In the late 1980s or thereabout, Ray Ekpu packaged a fundraising programme for his village in Akwa Ibom and brought Arthur Nzeribe, who announced a scholarship foundation for indigent students of the community to study in universities. Recently, when Udeme Ufot of the SO & U advertising firm clocked 60 all roads for his friends across the country, the de crème de la crème, were leading to his village at Etinan in Akwa Ibom for a thanksgiving all because he wanted “to draw attention” to deplorable roads passing through his village.

Granted that the meaning of “returnee” is as assumed by those making a taunt of it, what is wrong in a country like Nigeria, where high premium is placed on state of origin over residency for an indigene who intends to join politics in his country home?

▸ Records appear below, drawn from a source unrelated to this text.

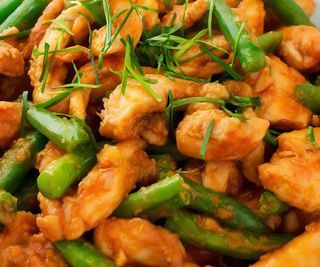 Padd Prik Tai De Pollo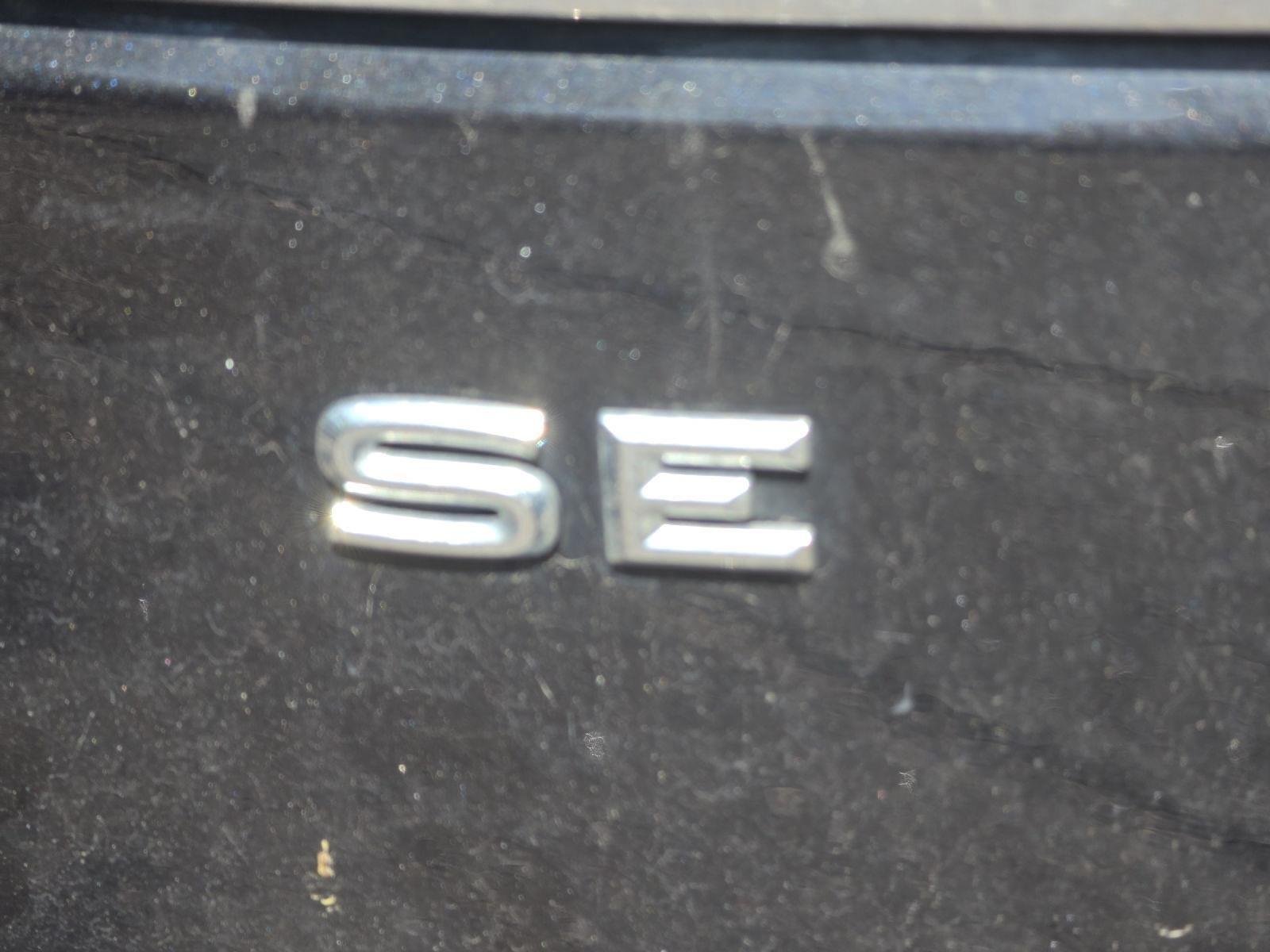 Used 2019 Deep Black Pearl Volkswagen 3.6L V6 SE image 14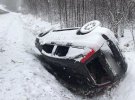 Чернівецьку область засипало снігом. В результаті негоди на трасах Буковини сталося безліч ДТП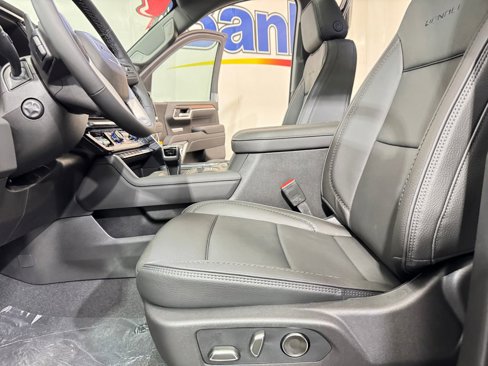 New 2026 GMC Sierra 1500 Denali w/ Denali Reserve Package image 13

From antiquity to contemporary time, history abound of leaders that return to their nativity and assume some sort of deus ex machina role. Think of the biblical Moses in the liberation movement in the ancient Israel! In the same vein, two most prominent and powerful Igbos, in my estimation, are legendary Nnamdi Azikiwe, known across the globe as Zik of Africa, and Emeka Odumegwu-Ojukwu. The two of them were born in Zungeru, in the present day Niger State in November 1904 and 1933 respectively. Zik was educated in the United States. On returning to Nigeria, he lived in Lagos, where he had his major exploits in politics. Ojukwu, who was fluent in Hausa and Yoruba before speaking his native Igbo, was also brought up in Lagos.

Though, Zik’s pan-Nigerianness and pan-Africaness have been a subject of criticism among a segment of the Igbos, owing to Nigeria’s ethnocentrism, the fact remains that the Igbos were unalloyed in their commitment to being loyal and ever committed to following Zik while his robustly engaged political career lasted. In the case of Ojukwu, the fact that 50 years after, the disastrous relics of the Nigerian Civil War still remain a sore to the Igbos in Nigeria, yet the Igbos remain unregretful for faithfully identifying with Ojukwu, who was the main prosecutor on the Biafran side of the war. Their Zungeru birth place did not count while their cosmopolitan orientation was considered a plus for the Igbos to get to their envisaged place in the Nigerian nation.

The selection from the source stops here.